Un travelling est un procédé cinématographique consistant à déplacer la caméra pendant la prise de vues (sur rail, chariot ou épaule du·de la cadreur·euse).

Dans la phrase, les propositions se superposent, comme les images se suivent à l’écran. Chaque information est dépendante de la précédente et induit la suivante. Il n’y a ni anticipation ni flashback.

travelling ciném nouveau roman caméra Tournage du film Alamo en 2004. Chariot de travelling sur bogies et rails en U, supportant une dolly sur pneumatiques. ©SeanDevine

En accord avec les aspirations du nouveau roman, cet extrait ne décrit pas le lieu mais privilégie les effets de l’environnement sur la scène et les personnages qui l’occupent.
Il tente de rendre compte d’une certaine pénibilité du voyage avec un regard en mouvement, malmené par les secousses de la route que souligne l’allitération en « r » : « profonde vibration constante soulignée irrégulièrement de stridences ».

  • Grâce à cet attachement narratif aux sens, on perçoit le malaise de celui qui est désigné par le « vous ».

Le début du texte propose en réalité une sorte de plan-séquence (continuité d’une prise de vue unique) puisqu’il s’agit d’un même lieu, d’un même espace dramatique, puis glisse peu à peu du général au particulier et se rapprochant des personnages.

Des gros plans

Le narrateur insiste sur les mouvements des différents personnages. Il a l’air de les analyser de manière très rapprochée, plan après plan. De manière antithétique (et métonymique), il est écrit que les « quatre visages » des passagers « se balancent ».
Parmi ces quatre visages indéterminés, un personnage va se détacher : l’ecclésiastique et plus précisément son geste et « son index entre les pages à tranche dorée ». La mention du flottement du ruban de soie rappelle la technique du très gros plan, voire du ralenti.

  • Du train, on passe au compartiment, puis aux voyageurs, et enfin à l’objet que l’un d’eux tient dans sa main, dans une sorte de plan-séquence allant du général au particulier.

Voyage train voyageurs Les Compagnons de voyage, Augustus Egg, 1862, huile sur toile, 65.3 × 78.7 cm, musée de Birmingham.

Le roman La Modification témoigne de l’importance du regard, de la description et d’un attachement aux détails dans lequel on retrouve l’influence du cinéma.

En créant une esthétique construite uniquement sur la projection du regard, les auteurs du nouveau roman se détachent de la subjectivité traditionnelle. Il se contente de ne donner à lire que les apparences des choses, comme si elles étaient tout simplement filmées, vues, observées, mais jamais jugées ou interprétées.

  • La superposition d’instants, comme la superposition de plans cinématographiques est une sorte de tentative d’objectivité.

Conclusion :

Le personnage du nouveau roman, s’il est encore possible de parler de personnage, ne se réduit plus qu’à une simple subjectivité dénuée d’une réelle identité.

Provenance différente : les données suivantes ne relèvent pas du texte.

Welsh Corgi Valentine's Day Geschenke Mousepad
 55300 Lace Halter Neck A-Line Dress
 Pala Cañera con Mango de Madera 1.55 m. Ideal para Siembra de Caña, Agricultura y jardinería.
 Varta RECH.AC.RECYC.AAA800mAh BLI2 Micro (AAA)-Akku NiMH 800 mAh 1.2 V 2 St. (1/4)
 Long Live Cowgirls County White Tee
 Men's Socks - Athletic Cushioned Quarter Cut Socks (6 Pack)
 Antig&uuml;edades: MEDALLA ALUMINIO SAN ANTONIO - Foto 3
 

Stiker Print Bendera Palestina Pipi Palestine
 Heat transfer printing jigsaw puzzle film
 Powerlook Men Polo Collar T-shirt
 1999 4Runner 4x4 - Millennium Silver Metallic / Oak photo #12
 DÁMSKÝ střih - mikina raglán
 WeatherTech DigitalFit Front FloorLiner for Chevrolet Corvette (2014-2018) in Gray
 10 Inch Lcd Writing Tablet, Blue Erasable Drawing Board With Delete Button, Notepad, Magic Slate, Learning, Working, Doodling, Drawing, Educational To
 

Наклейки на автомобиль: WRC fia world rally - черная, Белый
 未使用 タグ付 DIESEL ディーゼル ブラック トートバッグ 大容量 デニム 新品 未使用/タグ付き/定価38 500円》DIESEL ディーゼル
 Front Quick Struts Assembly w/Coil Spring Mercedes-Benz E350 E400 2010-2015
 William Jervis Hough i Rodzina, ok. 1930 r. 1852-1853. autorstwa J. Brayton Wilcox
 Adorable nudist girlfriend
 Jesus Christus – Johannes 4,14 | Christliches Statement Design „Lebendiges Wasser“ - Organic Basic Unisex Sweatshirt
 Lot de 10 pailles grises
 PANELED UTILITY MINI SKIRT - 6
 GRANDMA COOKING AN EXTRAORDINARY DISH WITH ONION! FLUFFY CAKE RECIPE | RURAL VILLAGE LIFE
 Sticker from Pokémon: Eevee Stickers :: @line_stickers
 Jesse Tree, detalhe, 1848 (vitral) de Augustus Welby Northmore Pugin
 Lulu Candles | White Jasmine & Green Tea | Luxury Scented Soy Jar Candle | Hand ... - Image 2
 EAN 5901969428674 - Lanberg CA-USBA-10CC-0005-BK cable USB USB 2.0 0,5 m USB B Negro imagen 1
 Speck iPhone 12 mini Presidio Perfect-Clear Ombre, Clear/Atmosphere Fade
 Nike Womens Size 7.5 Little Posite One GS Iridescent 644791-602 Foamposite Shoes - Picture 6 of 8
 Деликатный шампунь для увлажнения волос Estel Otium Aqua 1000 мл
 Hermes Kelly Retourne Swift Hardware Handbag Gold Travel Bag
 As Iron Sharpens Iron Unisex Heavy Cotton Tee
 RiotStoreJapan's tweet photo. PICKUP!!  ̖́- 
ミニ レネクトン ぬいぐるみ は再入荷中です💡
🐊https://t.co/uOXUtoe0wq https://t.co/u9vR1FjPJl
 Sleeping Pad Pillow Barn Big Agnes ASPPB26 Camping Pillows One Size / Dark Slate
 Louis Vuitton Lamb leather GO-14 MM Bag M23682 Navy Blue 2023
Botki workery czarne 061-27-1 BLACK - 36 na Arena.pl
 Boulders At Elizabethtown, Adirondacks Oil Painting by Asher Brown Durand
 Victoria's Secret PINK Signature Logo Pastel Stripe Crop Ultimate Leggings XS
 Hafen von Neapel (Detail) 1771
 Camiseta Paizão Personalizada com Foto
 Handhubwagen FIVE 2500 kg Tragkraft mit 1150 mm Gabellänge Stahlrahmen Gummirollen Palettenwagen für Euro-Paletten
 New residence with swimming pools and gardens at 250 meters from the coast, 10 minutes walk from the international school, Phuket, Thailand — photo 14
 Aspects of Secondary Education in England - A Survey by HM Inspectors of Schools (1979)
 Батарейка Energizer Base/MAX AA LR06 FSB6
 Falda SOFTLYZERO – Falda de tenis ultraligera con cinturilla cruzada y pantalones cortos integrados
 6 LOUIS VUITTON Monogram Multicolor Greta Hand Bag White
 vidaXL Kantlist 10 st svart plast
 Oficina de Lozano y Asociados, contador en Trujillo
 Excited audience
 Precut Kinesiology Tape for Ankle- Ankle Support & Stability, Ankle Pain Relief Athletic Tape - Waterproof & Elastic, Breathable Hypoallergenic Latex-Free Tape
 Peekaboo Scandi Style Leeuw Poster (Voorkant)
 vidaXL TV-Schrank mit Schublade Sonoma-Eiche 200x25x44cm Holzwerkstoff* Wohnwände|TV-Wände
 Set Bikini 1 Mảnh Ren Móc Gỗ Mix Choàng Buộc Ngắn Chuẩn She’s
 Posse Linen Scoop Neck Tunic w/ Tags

L’écrivain rend compte d’un flux de conscience plutôt que de comportements ou de discours logiques. Les néoromanciers ne croient plus en l’utilité de faire exister un personnage dont les caractéristiques et la fonction sont entièrement liées au système de pensée du XIXe siècle.
Cette prise de conscience de l’impossible compréhension des choses et des êtres impose un rejet des codes traditionnels du roman, une écriture de type minimaliste et une distance recherchée. Pour cela, ces romans abandonnent l’intrigue et privilégient le regard, l’impression et la photographie. Le narrateur, déchu, n’est plus omniscient mais scrupuleux observateur. Le point de vue est toujours externe, et dans ce monde extérieur scruté se projette une conscience désincarnée. Le personnage n’est plus le vecteur de la vision du monde certes, mais la projection d’une conscience demeure tout de même. Dans ces circonstances, c’est au lecteur de créer le récit grâce aux bribes de conscience concédées par l’auteur. L’œil du lecteur est, en quelque sorte, l’œil d’une caméra inquiète qui capte des signes parcellaires de la réalité, mais jamais sa totalité.